Being Different in Wheaton
It’s always amazing to me how faith and the Underground Railroad seem to always pop up together in contemporary news articles. For example, in an article in today’s Wall Street Journal about values at religious universities, we get this:
Being different is nothing new for Wheaton. The most famous building on campus was once a way station on the Underground Railroad. That was a time when abolitionist evangelicals were out of touch with the reality of slavery in a nation whose claim to liberty rested on God-given truths about human dignity. Today Wheaton advances a proposition that may be equally radical, at least in the groves of modern academe: That character is as important as chemistry and that teachers have some obligations as role models for their students.

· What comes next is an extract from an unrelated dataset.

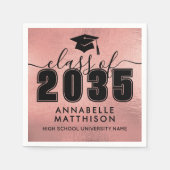 Serviette En Papier Graduate Rose Gold Graduation (Devant)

I think the important issue explored in this article, from an historical perspective, is how early 19th Century abolitionists were so out of touch with the popular morals of that era.

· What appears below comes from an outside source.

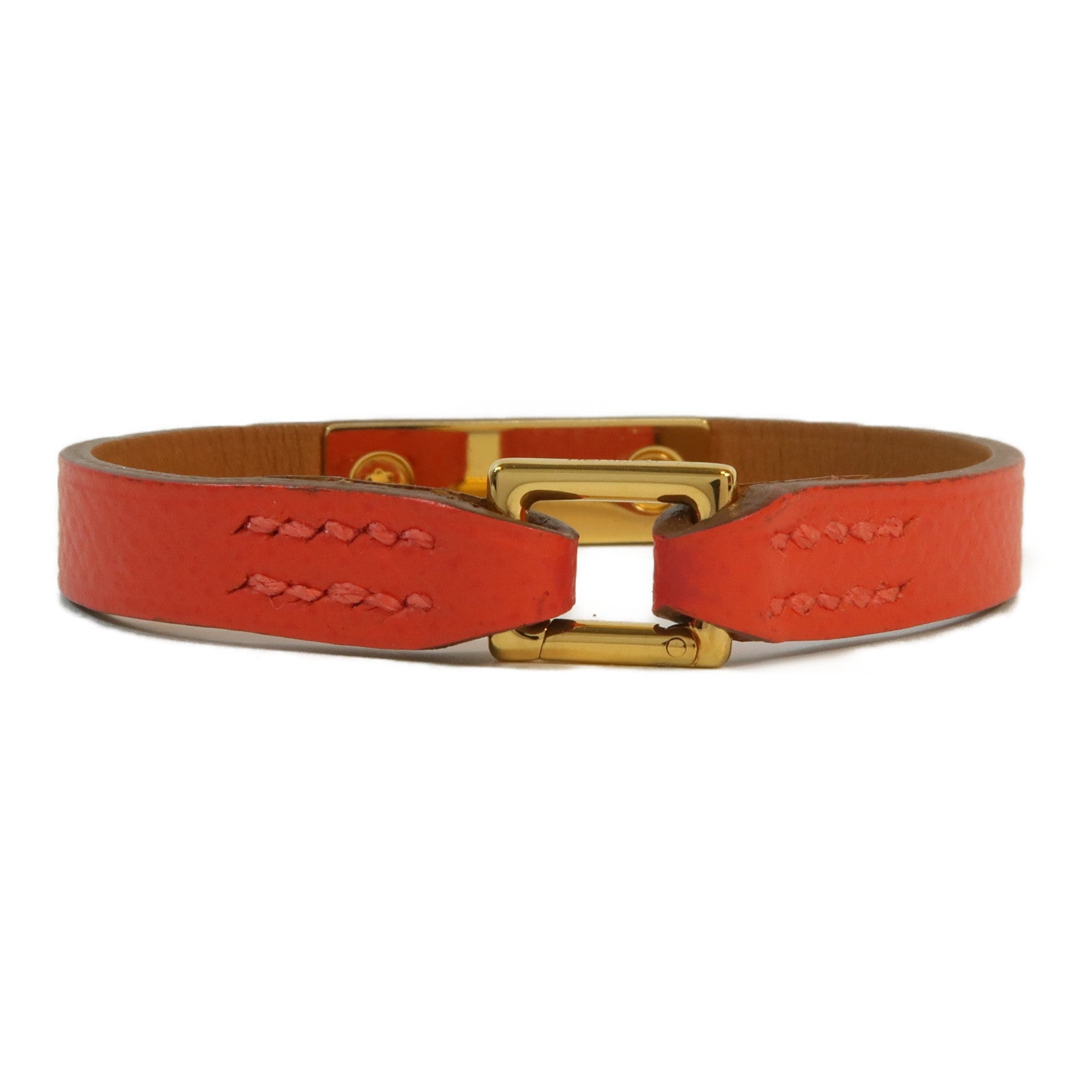 HERMES 【激減優惠】Epsom皮革Rivale Mini金扣手鐲Rose Jaipur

Slavery, after all, was sanctioned by law in about half of the then-United States, so protesting the continued existence of slavery was viewed as a radical, if not anarchic, position.
The Journal article places this counter cultural matter in another context — a college determined to stick to its religious beliefs even if it is viewed by the majority as rigid and out-of-touch with modern sensibilities.
Wheaton College wouldn’t be my preference as a place for my kids. But its rigorous commitment to a set of beliefs and principles seems not unlike the relentless focus of the anti-slavery zealots of pre-Civil War America.